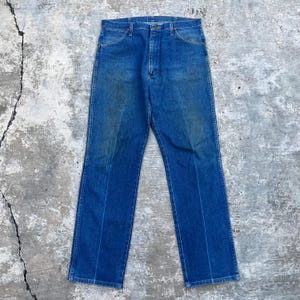 May include: A pair of blue denim jeans with a classic five-pocket design. The jeans have a button and zipper closure, belt loops, and a faded appearance. The jeans are laid flat on a concrete surface.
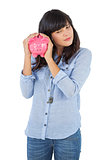 Young woman shaking her piggy bank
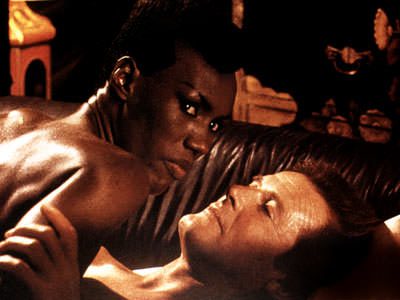 Grace Jones & Roger Moore, appeared together in 'A View to Kill'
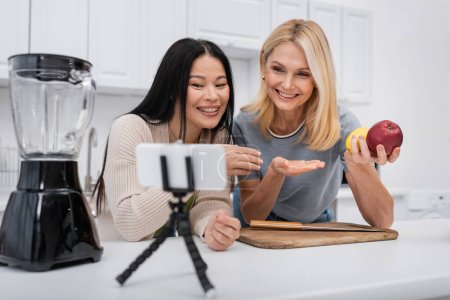 Téléchargez les photos : Femmes interraciales positives pointant du doigt les fruits près du mélangeur et du smartphone sur le trépied dans la cuisine - en image libre de droit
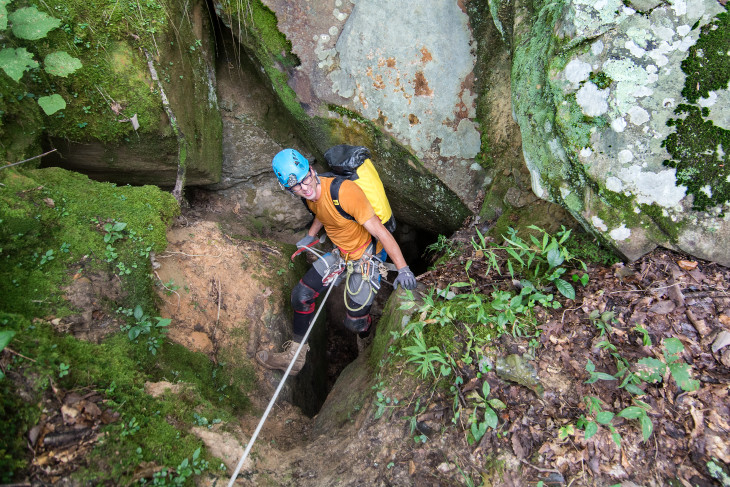 Philip Rykwalder enters a cave through a tiny hole on the surface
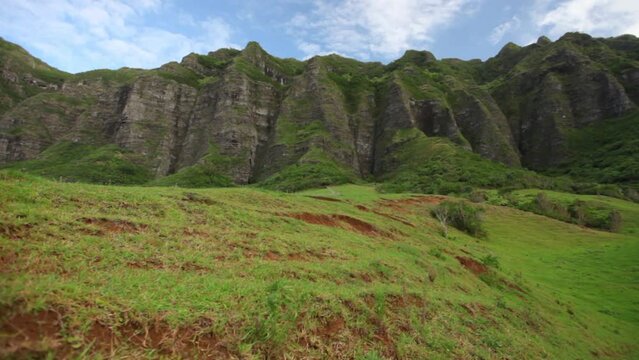 Epic steady cam shot on grassy hill in Hawaiian valley - Cinematic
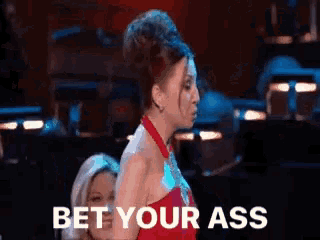 a woman in a red dress is standing in front of a sign that says " bet your ass "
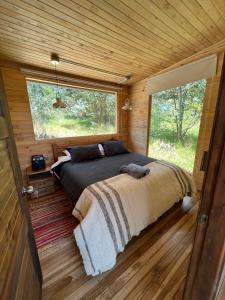 Giường trong phòng chung tại ACOGEDOR REFUGIO PRiVADO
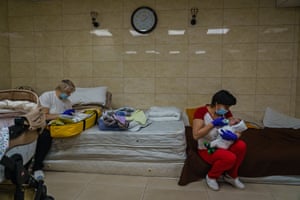 Nursing staff work round the clock to make sure all babies are fed and comforted in a makeshift nursery underground in the outskirts of Kyiv, Ukraine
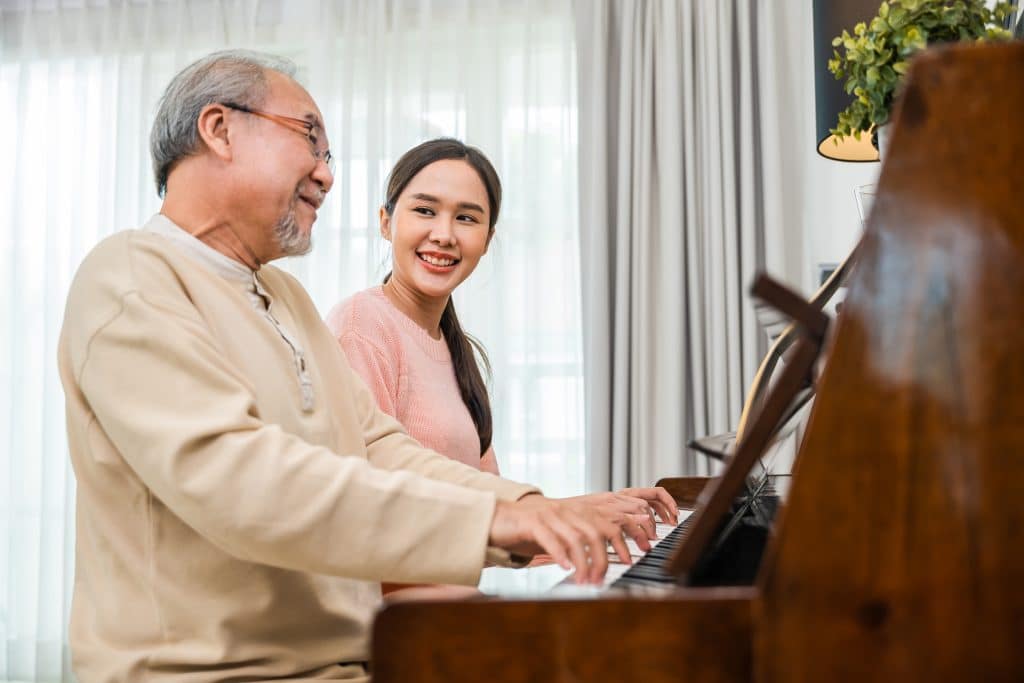 Young woman teaching piano for senior man teaching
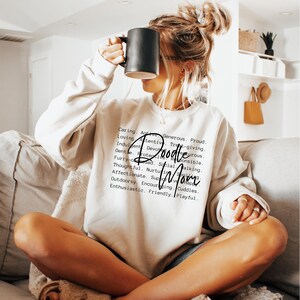 May include: A white sweatshirt with the text "Doodle Mom" in black lettering. The text is surrounded by a list of positive adjectives describing a doodle dog.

§

PROBLEM TO SOLVE — Nothing but the lines from the one containing "Philip Rykwalder enters" to the last line of the records should be returned, exactly as they appear and without pictures.

COMPLETED EXERCISE —
 Philip Rykwalder enters a cave through a tiny hole on the surface
 Epic steady cam shot on grassy hill in Hawaiian valley - Cinematic
 a woman in a red dress is standing in front of a sign that says " bet your ass "
 Giường trong phòng chung tại ACOGEDOR REFUGIO PRiVADO
 Nursing staff work round the clock to make sure all babies are fed and comforted in a makeshift nursery underground in the outskirts of Kyiv, Ukraine
 Young woman teaching piano for senior man teaching
 May include: A white sweatshirt with the text "Doodle Mom" in black lettering. The text is surrounded by a list of positive adjectives describing a doodle dog.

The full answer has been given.